JazzTimes

L.A Steel

IT WAS THE LATE FALL OF 2019, and Cameron Graves took the stage at the Blue Note in New York City looking ready for business—in a doom-metal band. He wore a biker-like vest revealing the colorful tattoos on his upper arms; his long, tightly curled hair was tied in the back, falling to his shoulders like the tail of a black comet. But Graves was here with the Stanley Clarke Band, playing electric keyboards in the bassist’s powerhouse sextet. And it is a vital role, at once anchoring and dynamic, as Clarke showed when he introduced Graves as a featured soloist in a turbulent extension of Joe Henderson’s “Black Narcissus.”

For the next 20 minutes, Graves—best known as the pianist in the West Coast Get Down, the Los Angeles progressive-jazz collective that jumped to acclaim in 2015 on saxophonist Kamasi Washington’s triple-disc landmark, The Epic—unleashed a kaleidoscopic attack with roots in fusion, R&B, and hard rock.
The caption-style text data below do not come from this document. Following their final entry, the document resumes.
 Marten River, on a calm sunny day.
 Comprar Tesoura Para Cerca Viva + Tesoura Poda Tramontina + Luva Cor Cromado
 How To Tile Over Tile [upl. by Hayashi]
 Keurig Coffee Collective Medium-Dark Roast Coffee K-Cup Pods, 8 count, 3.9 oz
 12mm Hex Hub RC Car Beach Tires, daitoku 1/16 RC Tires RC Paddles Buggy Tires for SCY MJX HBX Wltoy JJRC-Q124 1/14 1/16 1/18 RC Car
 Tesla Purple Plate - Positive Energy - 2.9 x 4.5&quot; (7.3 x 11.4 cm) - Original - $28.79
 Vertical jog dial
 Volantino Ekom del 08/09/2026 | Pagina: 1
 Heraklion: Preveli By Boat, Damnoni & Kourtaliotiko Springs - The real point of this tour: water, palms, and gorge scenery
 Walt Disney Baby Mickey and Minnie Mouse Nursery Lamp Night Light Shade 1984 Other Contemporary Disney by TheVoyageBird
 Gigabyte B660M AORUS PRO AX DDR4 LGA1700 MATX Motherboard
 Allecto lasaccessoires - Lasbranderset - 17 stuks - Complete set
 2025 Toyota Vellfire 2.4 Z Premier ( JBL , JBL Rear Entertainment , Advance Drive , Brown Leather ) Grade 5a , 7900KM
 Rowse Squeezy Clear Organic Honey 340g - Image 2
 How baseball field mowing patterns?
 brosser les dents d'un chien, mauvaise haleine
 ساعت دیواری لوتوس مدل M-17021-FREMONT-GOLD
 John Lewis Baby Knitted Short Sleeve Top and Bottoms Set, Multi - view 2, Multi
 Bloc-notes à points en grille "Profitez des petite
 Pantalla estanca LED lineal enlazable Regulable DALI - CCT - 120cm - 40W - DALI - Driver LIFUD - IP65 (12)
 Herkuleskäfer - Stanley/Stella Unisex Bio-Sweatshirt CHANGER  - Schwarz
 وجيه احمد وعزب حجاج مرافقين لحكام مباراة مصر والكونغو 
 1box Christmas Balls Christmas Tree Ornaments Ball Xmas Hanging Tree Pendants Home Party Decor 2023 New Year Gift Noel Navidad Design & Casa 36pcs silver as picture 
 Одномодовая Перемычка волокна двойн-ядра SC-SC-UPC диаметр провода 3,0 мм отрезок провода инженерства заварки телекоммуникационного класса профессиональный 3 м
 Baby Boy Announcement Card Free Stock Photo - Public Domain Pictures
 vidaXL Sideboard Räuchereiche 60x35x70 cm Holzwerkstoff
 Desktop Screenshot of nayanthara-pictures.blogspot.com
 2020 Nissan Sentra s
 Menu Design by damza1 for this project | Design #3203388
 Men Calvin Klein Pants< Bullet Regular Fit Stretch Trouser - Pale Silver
He addressed Henderson’s melody with sprightly poise, wrapped Clarke’s muscular stride in circular-staircase figures, and hit off-center chords with brass-knuckle force. As the band hurtled to the finish, Graves laid a cool-ballad rapture against the racing pulse, then detonated a frenzied series of Latin-ized runs. And he did it all with delighted aplomb, chewing on what seemed like a giant gumball as light bounced off the sparkling stud in his chin.

“The music I love to write most is metal—the lines, the drops, the sections. I took that philosophy and applied it to jazz.”